*** Records supplied

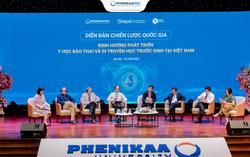 Lần đầu tiên Việt Nam tổ chức Diễn đàn Chiến lược Quốc gia về Y học bào thai và Di truyền học trước sinh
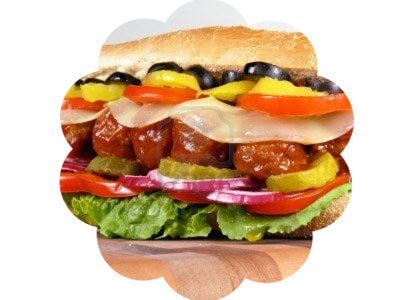 meatball sub sandwich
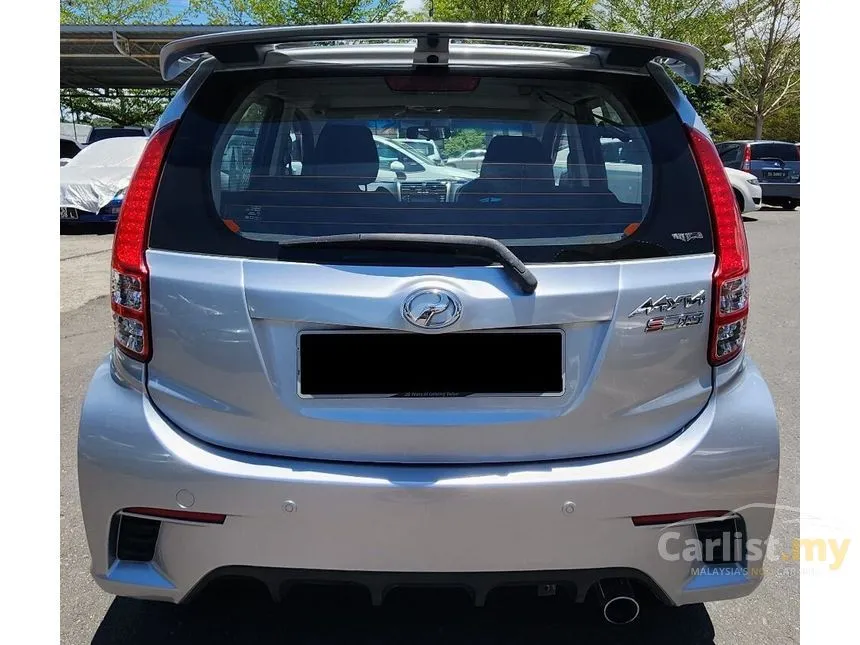 2013 Perodua Myvi SE Hatchback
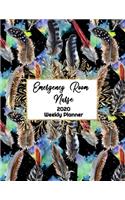 Emergency Room Nurse Weekly Planner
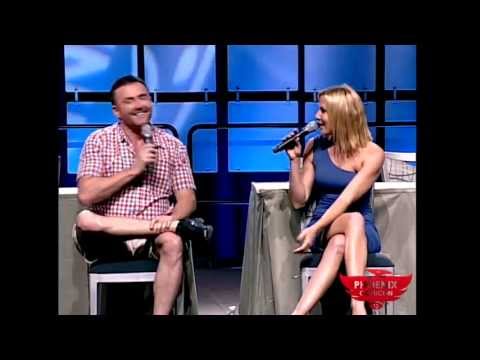 Farscape with Gigi Edgley and David Franklin at Phoenix Comicon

******

_What this task involves:_
Write out exactly the lines from the one containing "Emergency Room Nurse Weekly Planner" to the last line of the records above, both included, and leave out any pictures.

_Response to this task:_
 Emergency Room Nurse Weekly Planner
 Farscape with Gigi Edgley and David Franklin at Phoenix Comicon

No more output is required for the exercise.